= Rough Cut (TV series) =

Welsh television series

Rough Cut (Welsh: Dal y Mellt: translates as "Catch the Lightning") is a Welsh language contemporary thriller series.

== About ==
Dal y Mellt is a six-part series made by Vox Pictures and originally shown on S4C.

The series is based on the contemporary thriller novel written by Iwan ‘Iwcs’ Roberts, from Trawsfynydd and is set in Meirionydd, Cardiff and Soho in London.
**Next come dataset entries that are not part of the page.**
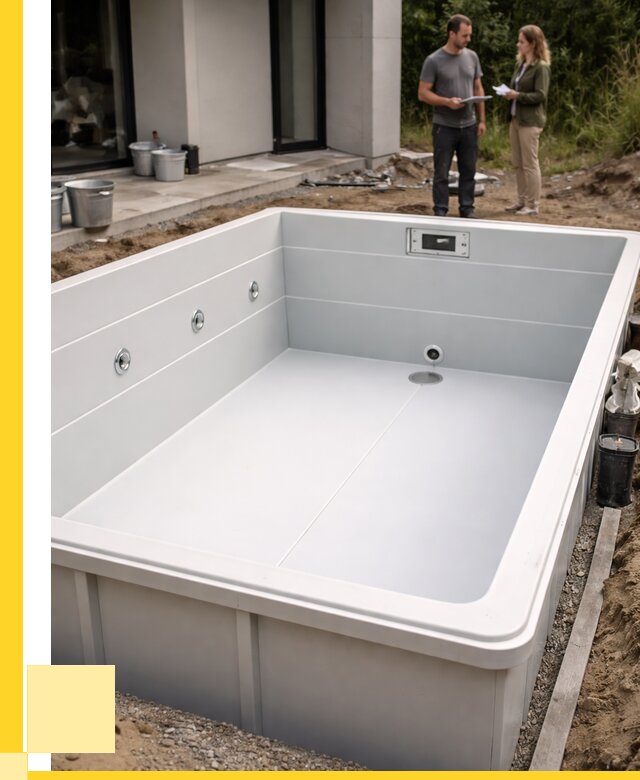 Полипропиленовые бассейны в Устях-Куте от 257425 р. | ЭриданУтк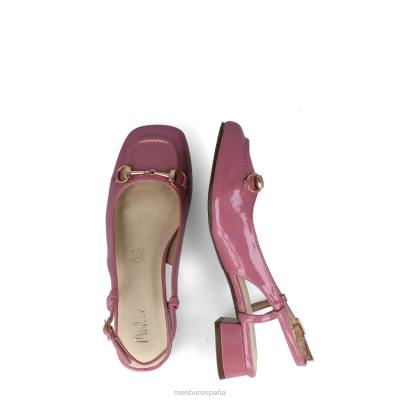 Menbur mujer escultor 204L180 zapato casual elegante rosa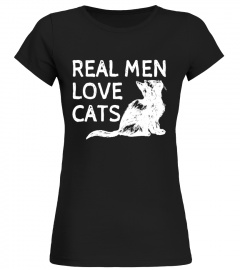 Real men love cats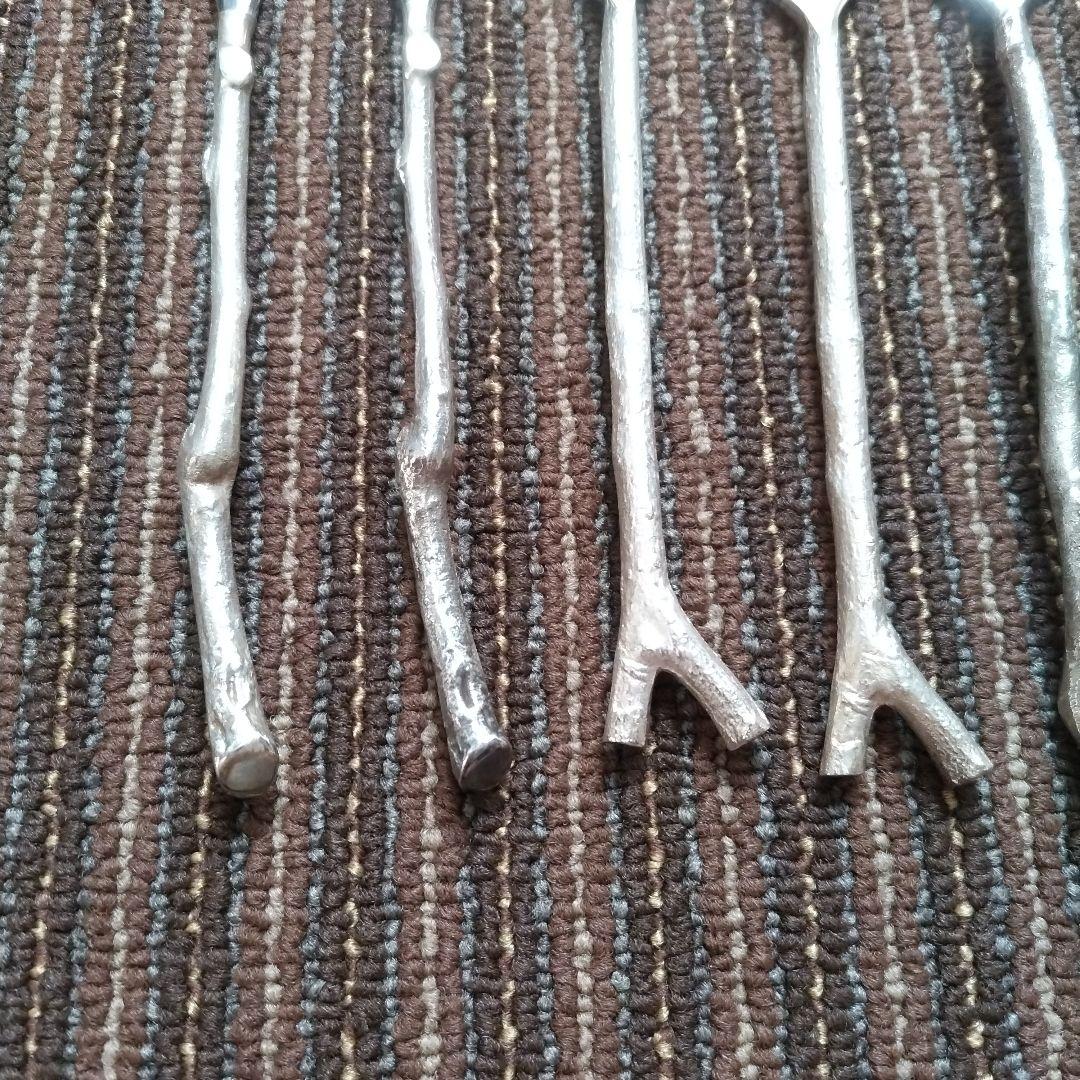 Michael Aram　マイケルアラ厶　Twig　カトラリーセット　全14本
The novelist Iwan Roberts also wrote the script and co-produced the drama alongside Llŷr Morus and Huw Chiswell.

The series director, Huw Chiswell says that filming was a challenge where 6 hours had to be finished in 50 days.

A second series of the show would return to S4C in 2024.

== Netflix ==
Abacus Media Rights sold the crime drama to Netflix which is set to be the first Welsh language-only drama licensed on Netflix, streaming in the UK from April 2023.

Benjamin King of Netflix said that has said that the content that is made in Wales and about Wales "travels extremely well" to worldwide audiences.

CEO of S4C, Sian Doyle said that "To sell a Welsh-language-only series to a major global streamer like Netflix sets out our ambition to take Welsh talent and language to the world and creates further exciting opportunities for S4C."

Netflix says they could play a role in helping to "promote and preserve the Welsh language". COBA executive Adam Minns said that "We've gone from a situation where there was literally one show being made in Wales 15 years ago to Cardiff being one of the biggest production centres in the UK at the moment."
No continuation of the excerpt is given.